- Date: 17 – 23 February
- Edition: 2nd
- Surface: Clay
- Location: Brazzaville, Republic of the Congo

Champions

Singles
- Geoffrey Blancaneaux

Doubles
- Mateo Barreiros Reyes / Paulo André Saraiva dos Santos
| Brazzaville Challenger |

= 2025 Brazzaville Challenger =

The 2025 Brazzaville Challenger was a professional tennis tournament played on clay courts. It was the second edition of the tournament which was part of the 2025 ATP Challenger Tour.
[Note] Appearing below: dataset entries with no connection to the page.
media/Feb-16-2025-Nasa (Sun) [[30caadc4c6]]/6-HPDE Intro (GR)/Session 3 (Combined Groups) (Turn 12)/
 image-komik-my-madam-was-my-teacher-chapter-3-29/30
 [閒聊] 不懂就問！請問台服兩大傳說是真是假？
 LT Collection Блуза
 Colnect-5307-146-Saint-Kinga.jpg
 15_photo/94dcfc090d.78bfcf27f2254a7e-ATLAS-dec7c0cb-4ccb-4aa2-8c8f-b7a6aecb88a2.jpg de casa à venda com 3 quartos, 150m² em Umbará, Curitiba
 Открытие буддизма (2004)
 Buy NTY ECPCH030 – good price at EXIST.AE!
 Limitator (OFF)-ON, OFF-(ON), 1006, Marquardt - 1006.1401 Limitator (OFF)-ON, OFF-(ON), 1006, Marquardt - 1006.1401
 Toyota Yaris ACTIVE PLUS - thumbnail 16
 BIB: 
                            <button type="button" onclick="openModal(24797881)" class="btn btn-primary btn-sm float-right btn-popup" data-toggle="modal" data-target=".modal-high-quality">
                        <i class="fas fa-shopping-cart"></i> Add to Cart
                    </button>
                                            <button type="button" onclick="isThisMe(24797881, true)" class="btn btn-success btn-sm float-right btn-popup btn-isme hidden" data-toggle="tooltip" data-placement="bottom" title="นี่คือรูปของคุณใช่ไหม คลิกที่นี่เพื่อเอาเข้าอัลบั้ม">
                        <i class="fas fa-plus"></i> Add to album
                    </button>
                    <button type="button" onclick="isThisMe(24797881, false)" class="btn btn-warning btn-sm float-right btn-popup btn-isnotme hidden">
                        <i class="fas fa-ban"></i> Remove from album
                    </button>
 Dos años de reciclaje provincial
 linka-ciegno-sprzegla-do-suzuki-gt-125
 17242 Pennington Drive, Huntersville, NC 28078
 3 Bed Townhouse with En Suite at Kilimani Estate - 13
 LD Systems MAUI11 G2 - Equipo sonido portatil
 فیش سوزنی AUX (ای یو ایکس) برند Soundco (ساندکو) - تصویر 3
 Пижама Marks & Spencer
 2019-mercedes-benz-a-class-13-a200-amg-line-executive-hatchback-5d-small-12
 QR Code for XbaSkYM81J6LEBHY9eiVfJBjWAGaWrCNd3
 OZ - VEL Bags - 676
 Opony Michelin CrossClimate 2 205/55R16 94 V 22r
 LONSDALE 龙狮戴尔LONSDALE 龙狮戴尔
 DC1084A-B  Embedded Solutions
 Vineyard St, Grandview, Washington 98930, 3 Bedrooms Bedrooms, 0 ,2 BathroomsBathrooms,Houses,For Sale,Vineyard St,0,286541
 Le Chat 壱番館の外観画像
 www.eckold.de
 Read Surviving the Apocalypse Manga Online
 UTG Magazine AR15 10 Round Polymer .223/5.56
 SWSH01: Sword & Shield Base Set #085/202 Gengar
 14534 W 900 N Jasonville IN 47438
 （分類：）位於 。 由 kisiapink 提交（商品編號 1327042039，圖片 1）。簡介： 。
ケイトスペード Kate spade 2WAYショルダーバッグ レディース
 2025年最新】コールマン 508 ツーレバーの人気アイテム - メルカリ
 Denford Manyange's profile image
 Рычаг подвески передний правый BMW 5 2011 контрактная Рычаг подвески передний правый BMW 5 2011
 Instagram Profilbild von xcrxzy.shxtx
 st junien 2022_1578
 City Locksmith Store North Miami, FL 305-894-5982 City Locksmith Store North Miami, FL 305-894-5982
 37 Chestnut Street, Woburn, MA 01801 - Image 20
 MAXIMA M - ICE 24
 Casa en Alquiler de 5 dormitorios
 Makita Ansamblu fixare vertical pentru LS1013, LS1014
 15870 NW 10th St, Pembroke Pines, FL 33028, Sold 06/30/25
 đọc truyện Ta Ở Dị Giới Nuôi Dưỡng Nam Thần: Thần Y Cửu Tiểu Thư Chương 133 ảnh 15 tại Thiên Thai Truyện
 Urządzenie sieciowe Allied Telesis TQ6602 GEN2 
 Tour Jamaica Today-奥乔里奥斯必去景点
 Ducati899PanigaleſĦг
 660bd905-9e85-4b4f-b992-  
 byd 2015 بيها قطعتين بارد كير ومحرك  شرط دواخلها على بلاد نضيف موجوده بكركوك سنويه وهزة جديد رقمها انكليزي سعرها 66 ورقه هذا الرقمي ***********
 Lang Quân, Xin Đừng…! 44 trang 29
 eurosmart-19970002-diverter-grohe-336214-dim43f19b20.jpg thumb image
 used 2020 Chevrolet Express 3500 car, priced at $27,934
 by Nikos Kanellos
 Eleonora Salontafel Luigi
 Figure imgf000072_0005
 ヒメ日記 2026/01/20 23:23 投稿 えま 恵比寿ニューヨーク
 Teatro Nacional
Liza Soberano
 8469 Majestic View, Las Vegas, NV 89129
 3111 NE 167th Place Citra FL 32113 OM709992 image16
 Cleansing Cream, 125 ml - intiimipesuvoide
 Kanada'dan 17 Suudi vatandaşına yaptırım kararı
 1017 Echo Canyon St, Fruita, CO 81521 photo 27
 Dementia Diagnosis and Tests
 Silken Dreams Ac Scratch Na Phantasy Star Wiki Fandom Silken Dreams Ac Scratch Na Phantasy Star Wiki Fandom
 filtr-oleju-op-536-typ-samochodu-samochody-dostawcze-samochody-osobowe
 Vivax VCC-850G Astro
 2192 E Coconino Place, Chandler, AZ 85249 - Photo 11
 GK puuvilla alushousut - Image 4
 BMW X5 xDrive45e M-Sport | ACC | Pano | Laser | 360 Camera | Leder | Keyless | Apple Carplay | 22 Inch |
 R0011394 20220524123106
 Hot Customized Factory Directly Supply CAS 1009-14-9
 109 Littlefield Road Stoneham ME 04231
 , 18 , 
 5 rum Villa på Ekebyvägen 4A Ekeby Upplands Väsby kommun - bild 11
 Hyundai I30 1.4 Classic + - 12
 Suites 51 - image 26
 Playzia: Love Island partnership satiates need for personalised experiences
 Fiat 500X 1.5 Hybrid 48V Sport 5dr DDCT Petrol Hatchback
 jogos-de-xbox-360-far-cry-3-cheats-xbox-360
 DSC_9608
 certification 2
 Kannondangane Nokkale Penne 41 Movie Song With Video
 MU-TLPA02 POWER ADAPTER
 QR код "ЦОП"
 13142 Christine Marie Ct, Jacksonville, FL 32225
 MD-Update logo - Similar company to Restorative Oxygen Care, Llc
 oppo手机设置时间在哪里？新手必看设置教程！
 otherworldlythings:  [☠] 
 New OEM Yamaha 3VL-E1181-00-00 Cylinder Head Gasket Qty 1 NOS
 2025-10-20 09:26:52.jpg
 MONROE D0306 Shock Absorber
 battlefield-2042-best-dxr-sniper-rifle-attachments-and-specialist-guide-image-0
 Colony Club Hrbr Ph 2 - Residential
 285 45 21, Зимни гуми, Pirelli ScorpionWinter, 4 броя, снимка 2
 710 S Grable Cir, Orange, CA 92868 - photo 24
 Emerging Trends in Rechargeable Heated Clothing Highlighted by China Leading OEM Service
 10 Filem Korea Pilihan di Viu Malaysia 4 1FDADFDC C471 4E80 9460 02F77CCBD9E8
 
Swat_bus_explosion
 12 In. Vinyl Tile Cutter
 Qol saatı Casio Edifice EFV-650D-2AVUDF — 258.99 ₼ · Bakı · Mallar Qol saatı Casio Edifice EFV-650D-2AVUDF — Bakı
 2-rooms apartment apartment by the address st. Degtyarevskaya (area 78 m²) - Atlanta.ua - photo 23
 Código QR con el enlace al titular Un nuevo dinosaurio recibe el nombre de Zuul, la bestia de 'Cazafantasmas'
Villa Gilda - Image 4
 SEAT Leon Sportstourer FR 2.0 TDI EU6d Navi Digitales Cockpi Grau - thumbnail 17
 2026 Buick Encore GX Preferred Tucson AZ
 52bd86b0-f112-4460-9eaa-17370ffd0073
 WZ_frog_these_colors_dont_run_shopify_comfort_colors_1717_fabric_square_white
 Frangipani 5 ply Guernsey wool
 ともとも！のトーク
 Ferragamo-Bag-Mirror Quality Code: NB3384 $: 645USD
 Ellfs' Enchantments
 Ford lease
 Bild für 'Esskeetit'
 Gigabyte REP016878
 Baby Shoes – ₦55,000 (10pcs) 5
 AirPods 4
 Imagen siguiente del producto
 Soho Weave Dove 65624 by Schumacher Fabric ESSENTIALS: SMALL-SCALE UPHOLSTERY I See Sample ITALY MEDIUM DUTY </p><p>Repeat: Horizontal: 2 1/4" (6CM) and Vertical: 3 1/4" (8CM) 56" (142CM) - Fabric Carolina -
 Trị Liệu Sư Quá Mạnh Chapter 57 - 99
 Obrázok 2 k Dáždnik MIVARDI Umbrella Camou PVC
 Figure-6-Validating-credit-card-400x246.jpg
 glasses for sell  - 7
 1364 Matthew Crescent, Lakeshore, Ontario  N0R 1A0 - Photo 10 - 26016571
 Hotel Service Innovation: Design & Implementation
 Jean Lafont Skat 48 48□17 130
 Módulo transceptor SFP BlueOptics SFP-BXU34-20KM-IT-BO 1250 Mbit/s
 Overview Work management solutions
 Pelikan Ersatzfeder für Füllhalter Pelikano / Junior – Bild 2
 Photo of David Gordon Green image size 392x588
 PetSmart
It took place in Brazzaville, Republic of the Congo between 17 and 23 February 2025.

==Singles main-draw entrants==
===Seeds===

| Country | Player | Rank^{1} | Seed |
|---|---|---|---|
| FRA | Calvin Hemery | 194 | 1 |
| FRA | Geoffrey Blancaneaux | 270 | 2 |
| NED | Max Houkes | 314 | 3 |
| FRA | Maxime Chazal | 337 | 4 |
| NED | Guy den Ouden | 340 | 5 |
| CIV | Eliakim Coulibaly | 341 | 6 |
| ITA | Franco Agamenone | 390 | 7 |
| SVK | Andrej Martin | 431 | 8 |

- ^{1} Rankings are as of 10 February 2025.

===Other entrants===
The following players received wildcards into the singles main draw:
- FRA Paterne Mamata
- GAB Kryce-Didier Momo-Kassa
- RSA Nicholas van Aken

The following players received entry into the singles main draw as alternates:
- MEX Rodrigo Alujas
- ITA Guelfo Borghini Baldovinetti
- ITA Matteo Covato
- FRA Julien De Cuyper
- Ivan Denisov
- BUL Dinko Dinev
- ARG Ezequiel Monferrer
- BRA Paulo André Saraiva dos Santos
- MAR Yassine Smiej
- SWE Mikael Ymer

The following player received entry from the qualifying draw:
- USA Dillon Beckles

==Champions==
===Singles===

- FRA Geoffrey Blancaneaux def. FRA Calvin Hemery 6–3, 6–4.

===Doubles===

- BRA Mateo Barreiros Reyes / BRA Paulo André Saraiva dos Santos def. FRA Geoffrey Blancaneaux / FRA Maxime Chazal 6–4, 1–6, [10–6].